3. ODR勧告案(CEFACT/2001/LG14/Rev.2,28January 2002)は5項目を提案していますが、その内の後の3項目は、EU電子商取引指令(the European E-Commerce Directive(2000/31/EC))第17条と同じです。後者の対象は、主としてEU域内マーケットにおける消費者に係わるB2CまたはC2C環境における電子商取引及び消費者保護です。これに対して、われわれは、UN/CEFACTに協力して、貿易関係手続の簡易化や簡素化のための電子商取引の技術的・法的標準の開発に取り組んできました。したがって、われわれの対象は、国際電子商取引であり、同じくクロスボーダー電子商取引であっても、主として企業に係わるB2B環境におけるものであります。したがって、EU電子商取引指令第17条の前提と同じ環境条件に基づく本勧告案のConceptは、日本その他の域外諸国の貿易関連企業の関心を引き付けるには弱いのではないかと思います。そこで、本勧告が効果的に容認され、ODRの世界的な使用を奨励し、促進するためにも、異なるConceptに基づいて勧告書の構成・内容を検討することが望ましいと考えます。

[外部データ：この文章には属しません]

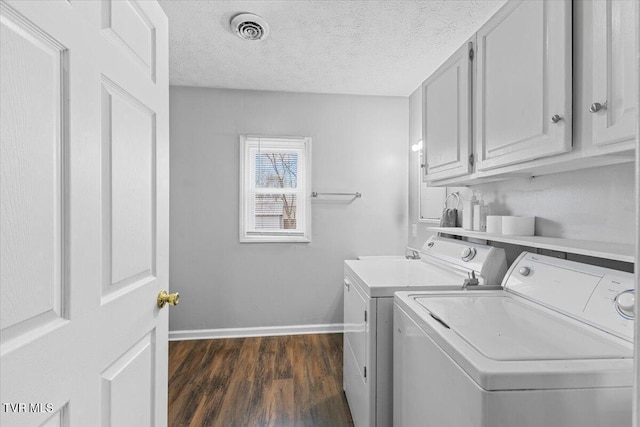 laundry room featuring dark hardwood / wood-style flooring, cabinets, a textured ceiling, and washing machine and dryer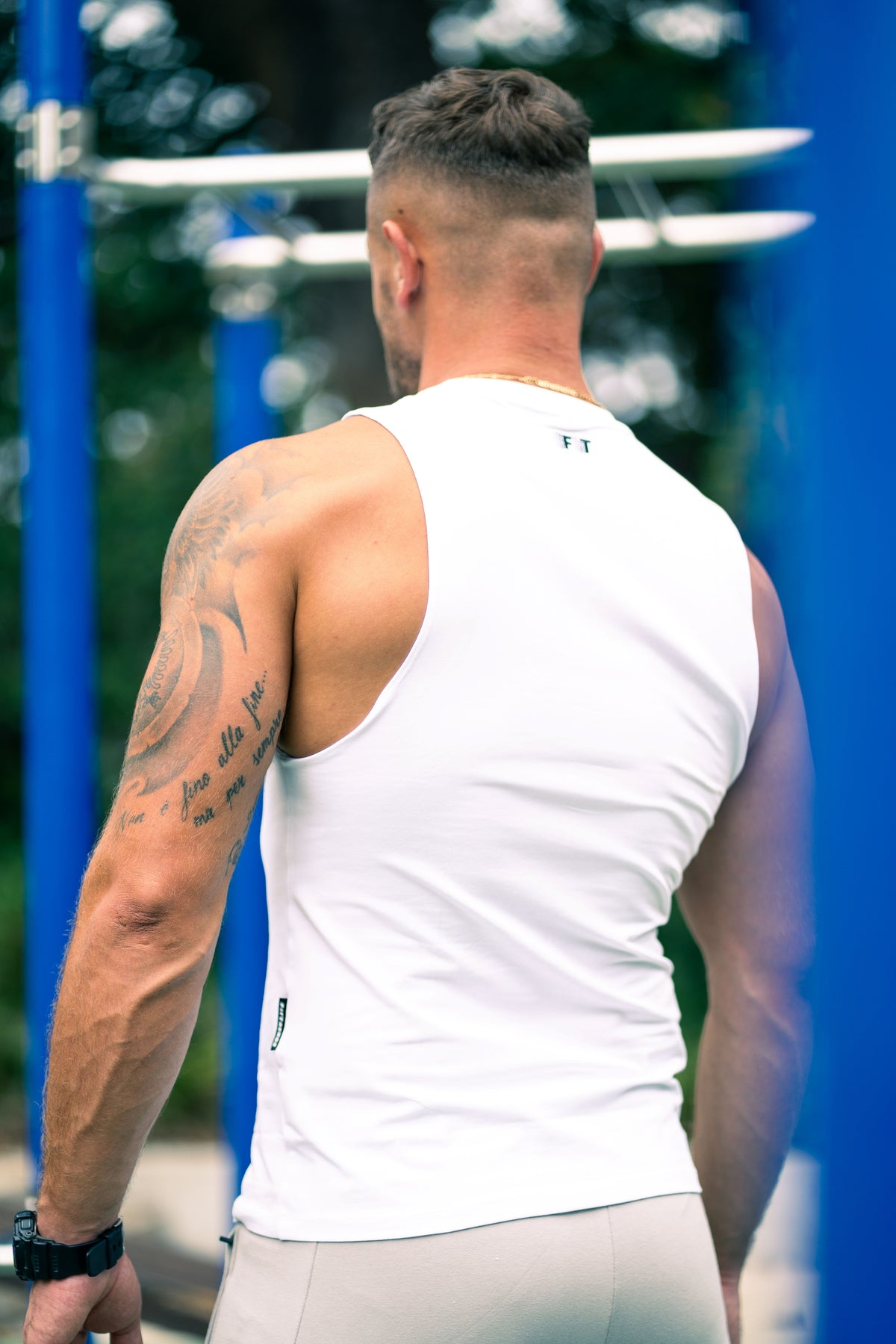 Man wearing a white tank top outdoors with blue and green background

4. 第3節では、ODRに関する6つの問題点(Key issues)が述べられていますが、5番目の問題点は"In the shadow of the law"という見出しです。他の5つの問題点に比べて、この見出しも内容も極めて抽象的なので、これに代わる具体的なものが望ましいと思います。
第3節では、手続上の保証に関連して、ODRの運営機関、調停人(mediator)、仲裁人(arbitrator)、手続規則などについて述べる必要があると思います。例えば、「消費者紛争の法廷外処理に責任を持つ機関に適用される原則に関する欧州委員会勧告」(Commission Recommendation of 30 March 1998 on the principle applicable to the bodies responsible for out-of-court settlement of consumer disputes)(98/257/EC)は、ADR関係機関に対して、次の原則を守ることを勧告しています。
1. 独立性の原則(principle of independence)
2. 透明性の原則(principle of transparency)
3. 当事者対抗の原則(adversarial principle)
4. 有効性の原則(principle of effectiveness)
5. 法律遵守の原則(principle of legality)
6. 自由の原則(principle of liberty)
7. 代理の原則(principle of representation)
本勧告第4項(page7)に述べられている"adequate procedural guarantees"を理解するために、この欧州委員会勧告(98/257/EC)を引用することが有益であると考えます。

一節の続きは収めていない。